スピードスケート選手は、鏡のように磨かれたピカピカな氷の上で長さ40cm、幅0.9mmのスケートの刃(ブレード)を巧みに操り、時速60kmものスピードを出して優勝を目指します。

ここでは、スケート選手がどのようなテクニックによって速いスピ一ドを出しているのか、また、スピードを出した時、選手の脚にどのくらい大きな負担がかかるのか見ることにします。



滑走している選手にはたらく力


下の図は、スピードを出して滑走している選手にどのような力がかかっているか示したものです。

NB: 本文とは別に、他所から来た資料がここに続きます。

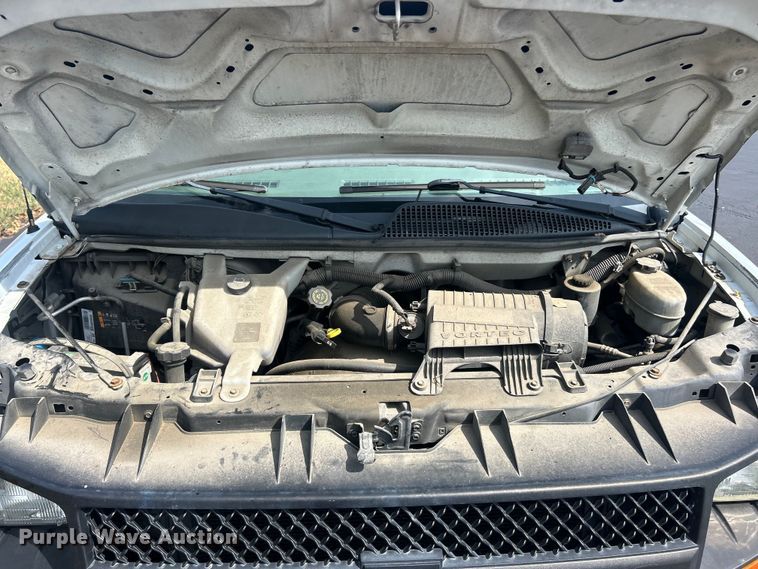 image for item ET3462 2011 Chevrolet Express van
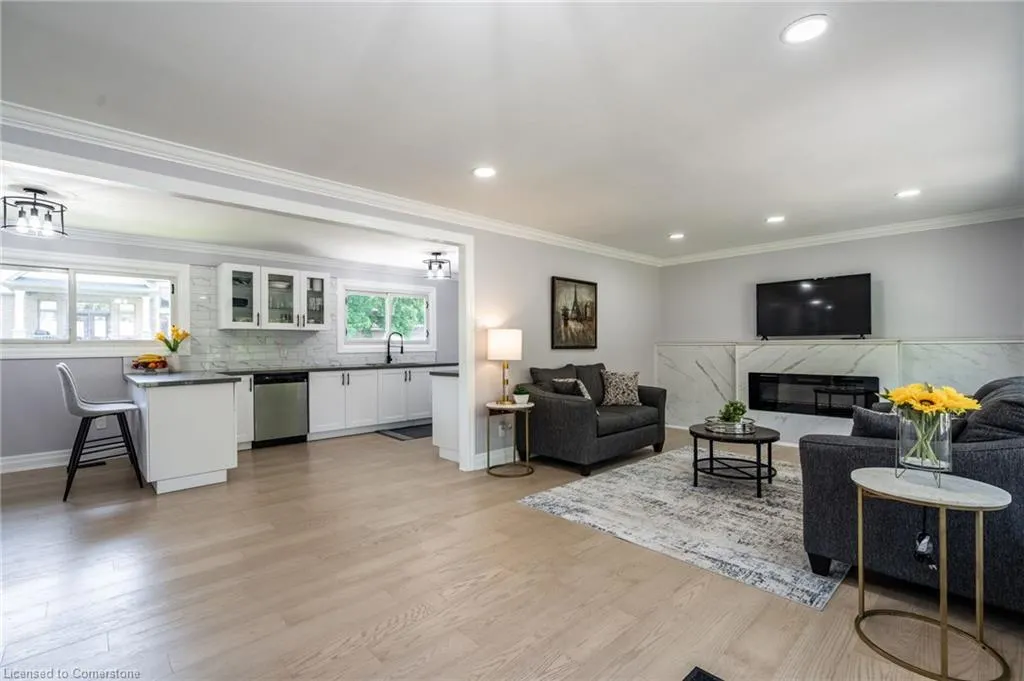678 Mohawk Road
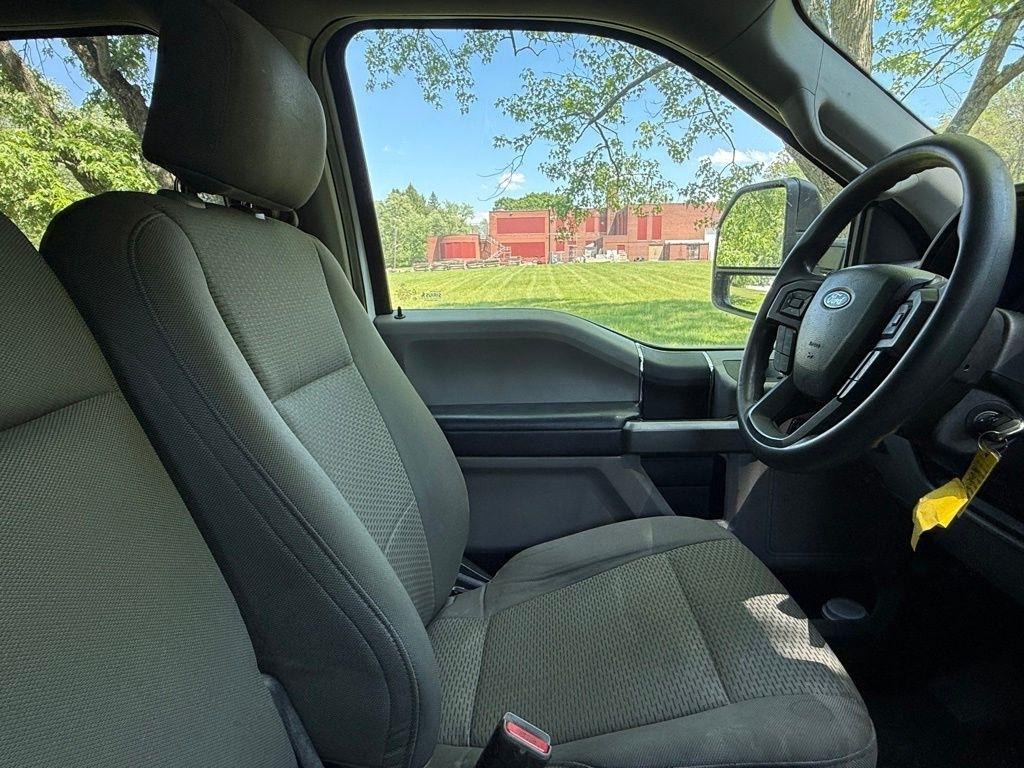 Ford Super Duty F-250 SRW King Ranch 4WD Crew Cab 8' Box 2017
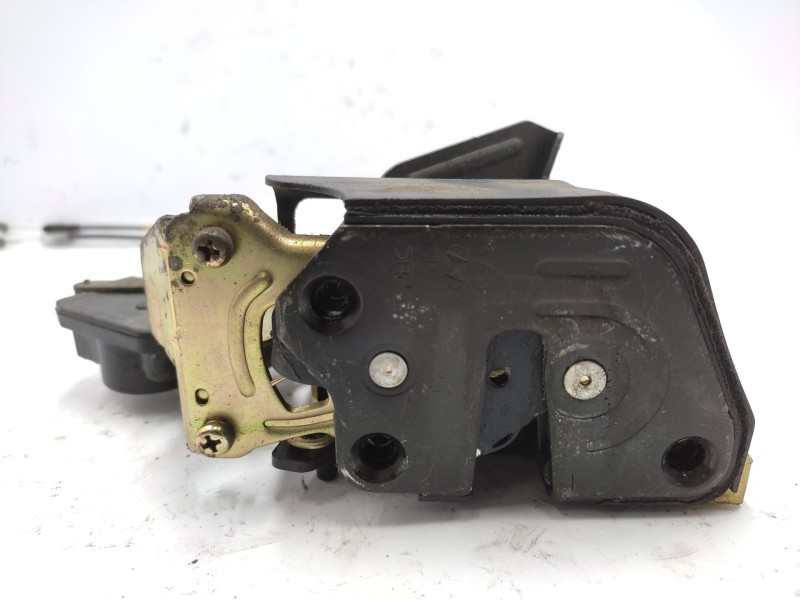 Cerradura Puerta Trasera Izquierda 814102e010  - Hyundai Tucson (jm) 2.0 Crdi Cat 2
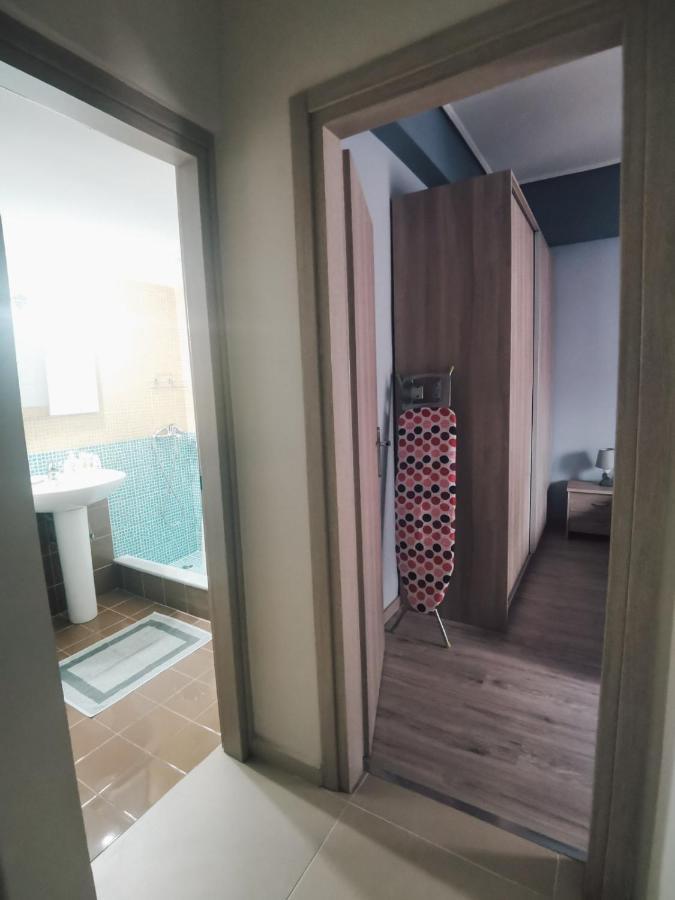 Efrosini'S By The Sea Apartment Халкис Екстериор снимка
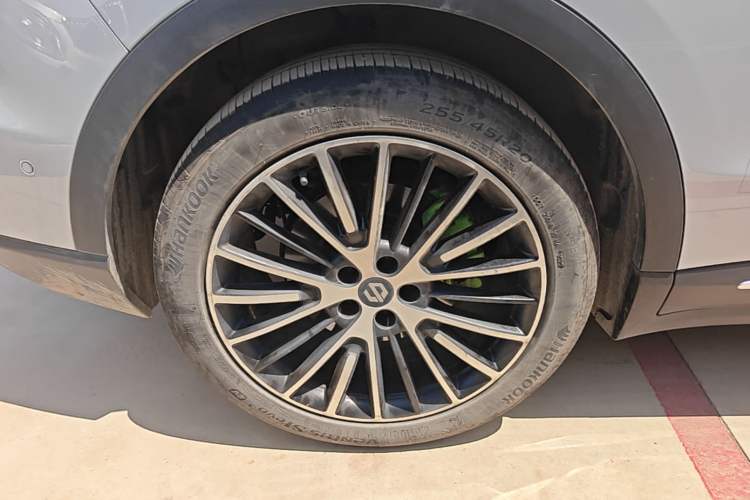 Used Leapmotor C11 2026 All-Electric 640 LiDAR Prestige Edition Right Rear Wheel Hub
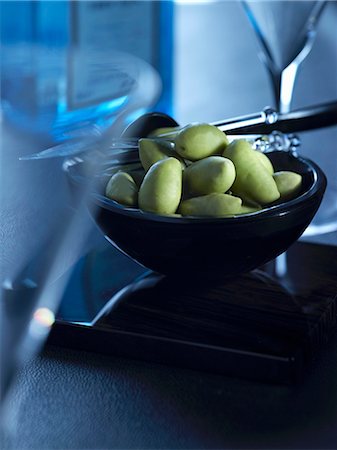 simsearch:659-07027183,k - A bowl of green olives between martini glasses Stock Photo - Premium Royalty-Free, Code: 659-07069435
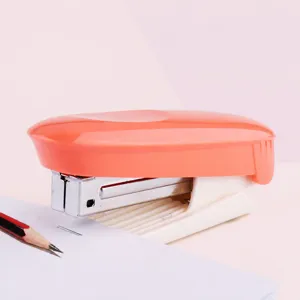 Compacte mini bureaunietmachine voor kantoor en school, betrouwbaar hulpmiddel voor papier.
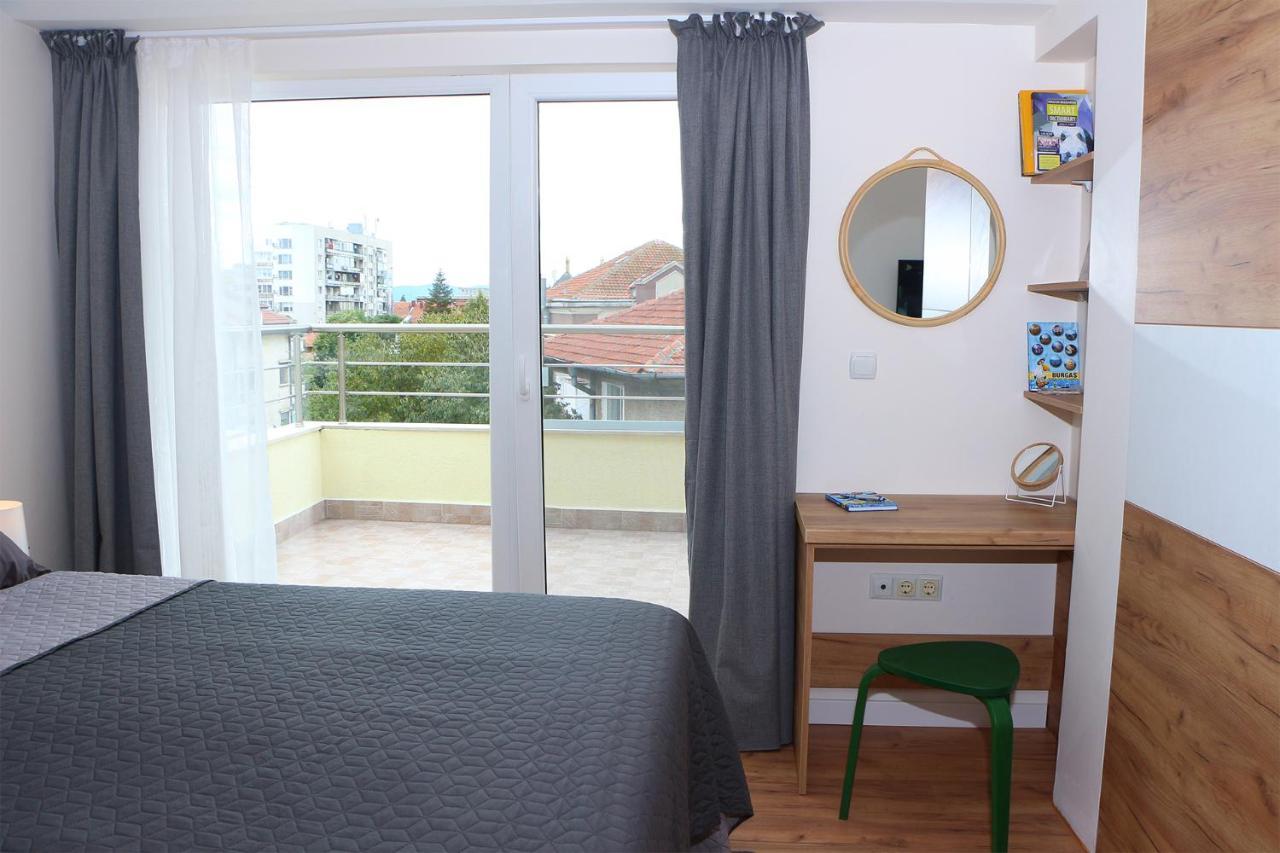 Shik & Chic In The Heart Of Burgas # 5Min From Beach # New Luaran gambar
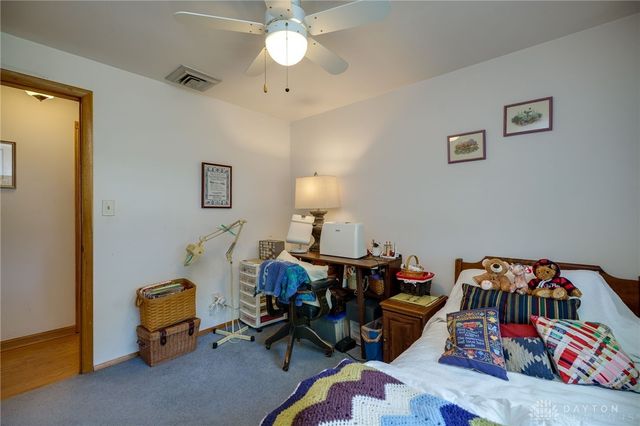 5184 Sugar Maple Drive, Dayton, OH 45440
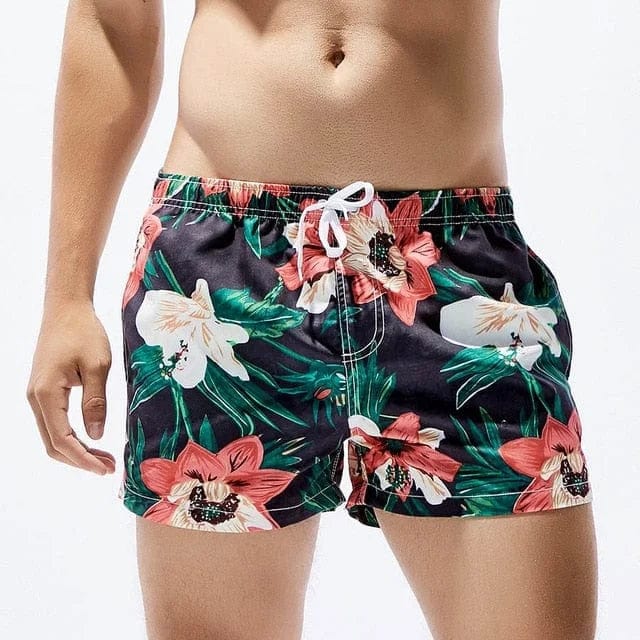  Kurze Herren-Badeshorts mit hawaiianischen Blumen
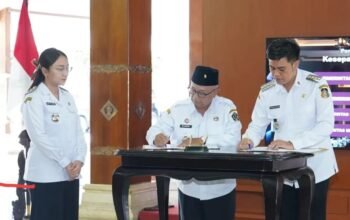 Kesepakatan bersama antara Pemkab dan Pemkot Blitar ditandatangani langsung oleh Rijanto dan Syauqul Muhibbin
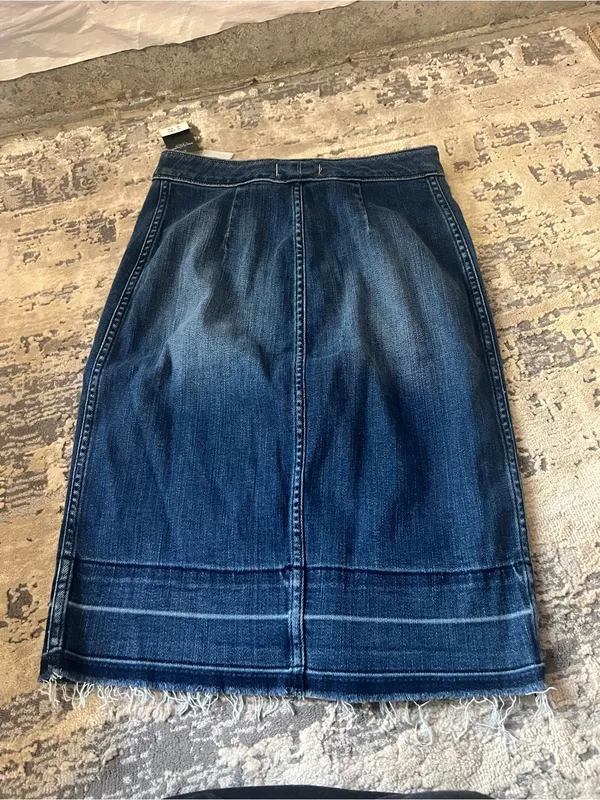 NWT Abercrombie & Fitch Blue Denim Frayed Hem Button Down Skirt Size 25 - Image 6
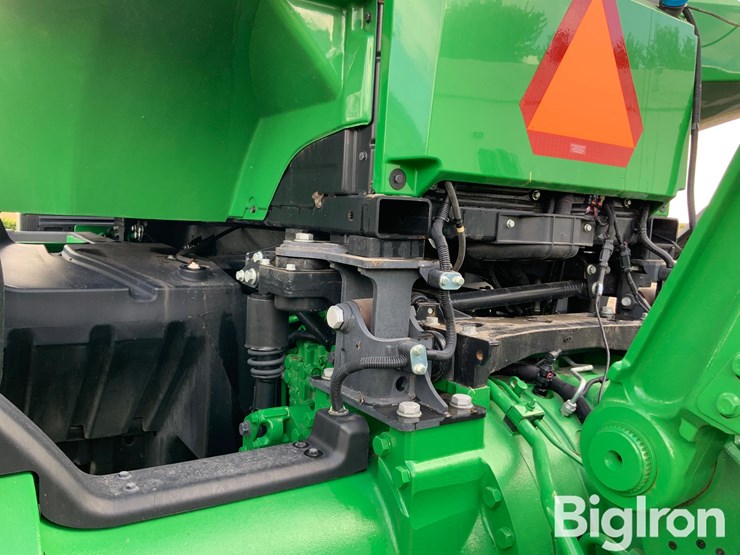 2021-john-deere-8rx-410-image-16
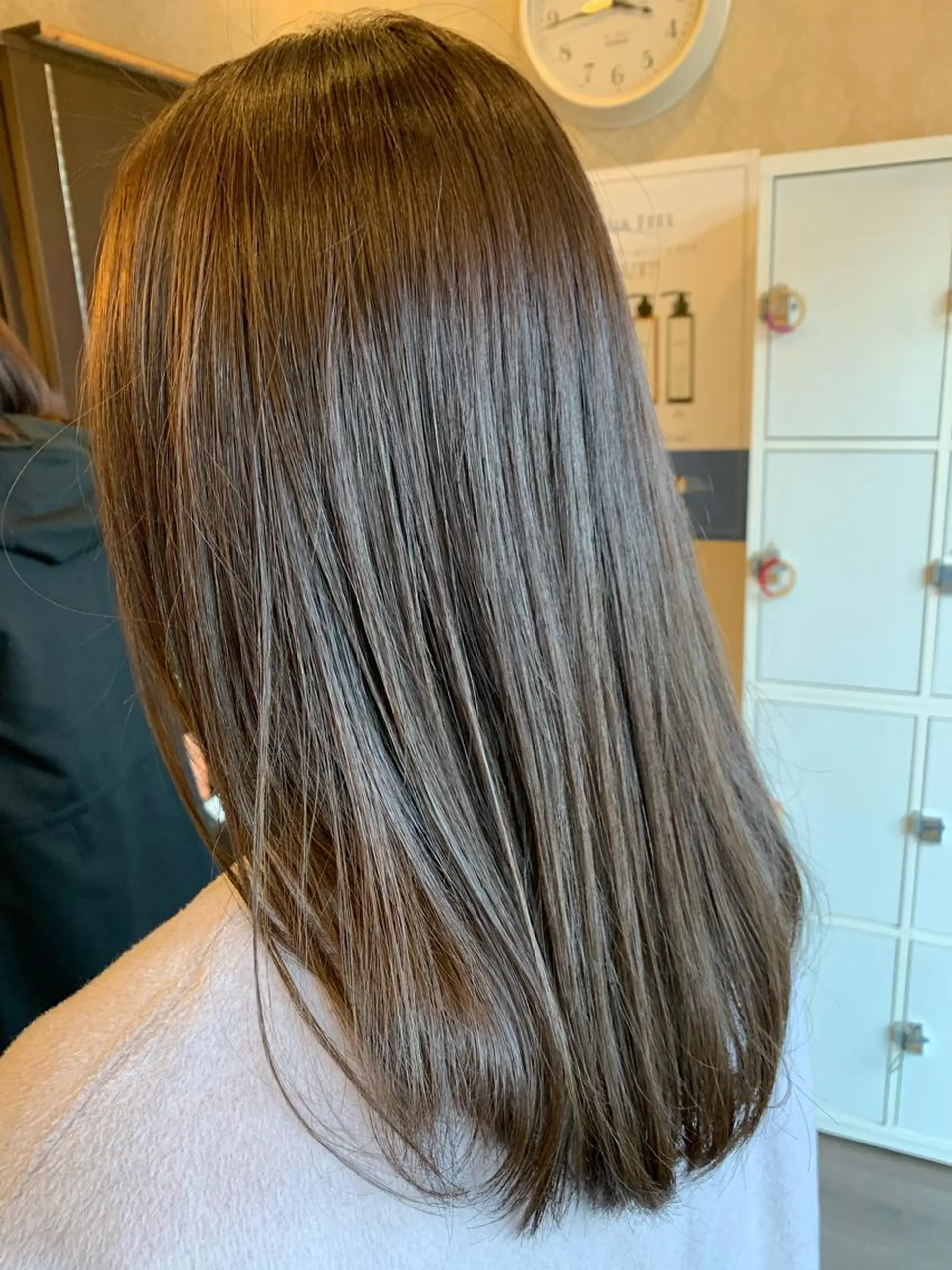 ミディアム カラー 勅使河原 裕生 Fiora大森のヘアスタイル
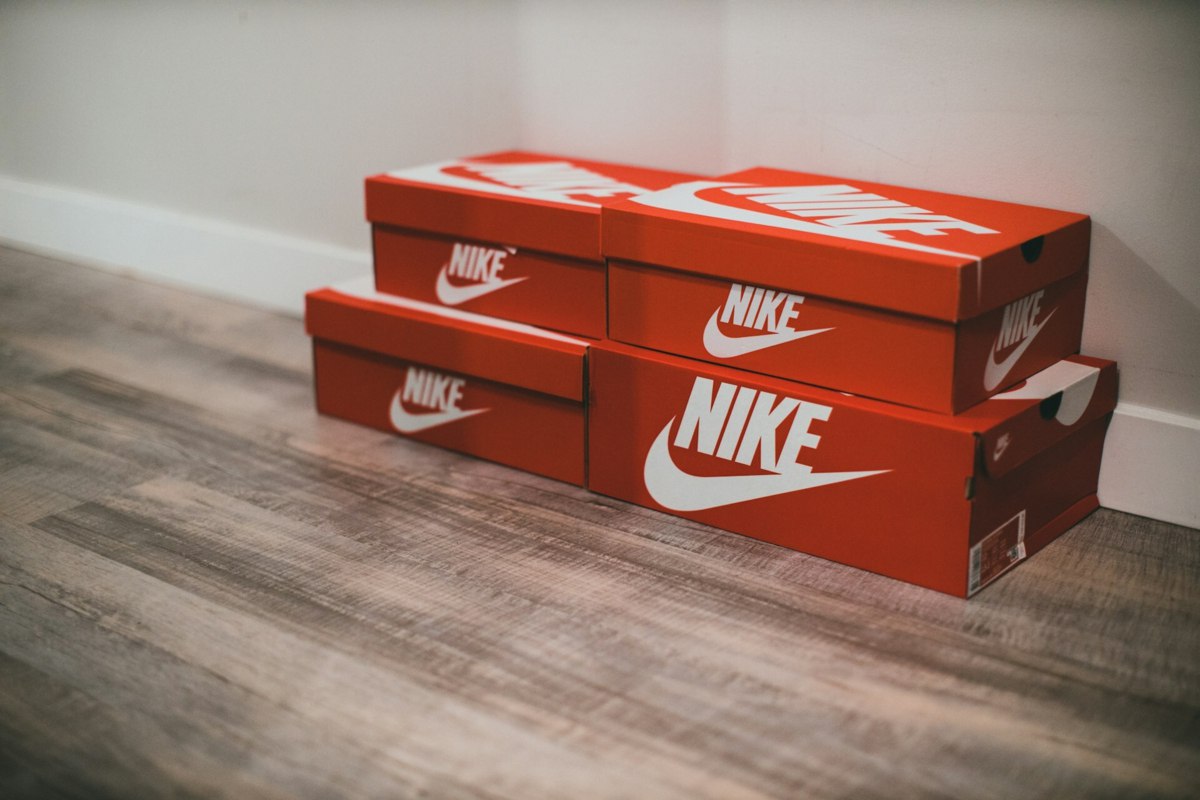 Обувные компании, в том числе Nike, Adidas и Puma, попросили президента США Дональда Трампа освободить отрасль от пошлин на импорт товаров — иначе это приведёт к росту цен и закрытию предприятий. У большинства обувных брендов производство находится в Китае, Вьетнаме и Индонезии vc.ru/retail/1962744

選手には、空気抵抗力と氷の摩擦抵抗力が作用しています。
氷の摩擦抵抗力は、氷の状態とスケートの刃の状態によって決まるため、試合前には氷を整氷車によってぞうきんがけし、選手はスケートの刃を鋭く研ぎあげます。
空気抵抗力は、走っている車の窓から外に手を出した時に感じる風圧のことです。
選手は、空気抵抗力を小さくするために上体を大きく前にかがめて低い姿勢をとります。



スケートの刃の軌跡


下の図は、スケート選手の直線滑走の動作と、氷の上に描かれるスケートの刃が通る軌跡を示したものです。

水色で示したスケートの跡を見ると、スケートはまっすぐではなく S字を描くようにカーブしていることが分かります。
このカーブは、選手がスケートの刃を外側に傾けたり、内側に傾けたりすることによつて生み出されます。
これは、皆さんが自転車に乗る時、ハンドルを切らなくても横に傾けるだけで進む方向が変えられるのと同じです。
上手な選手は、スケートの刃を巧みに傾け、スケートの軌跡がS字になることを利用してからだを斜め前方向に運んでいます。



片足に体重の1.5倍の力


上の図は、カーブ滑走中のスケート選手にかかる力を示しています。

カーブ滑走では、直線滑走とは異なり、身体をカーブ外側に引っ張る「遠心力」という力がかかります。 カーブで転ぶ選手が多いのは、この遠心力がかかるからです。
この遠心力は、スピードが大きいほどそしてカープが小さいほど大きくなります。
スケート選手は、遠心力に振り回されないために、身体を内側に大きく傾けます。 このとき、選手の片足に体重のおよそ1.5倍もの重さの大きな負担がかかります。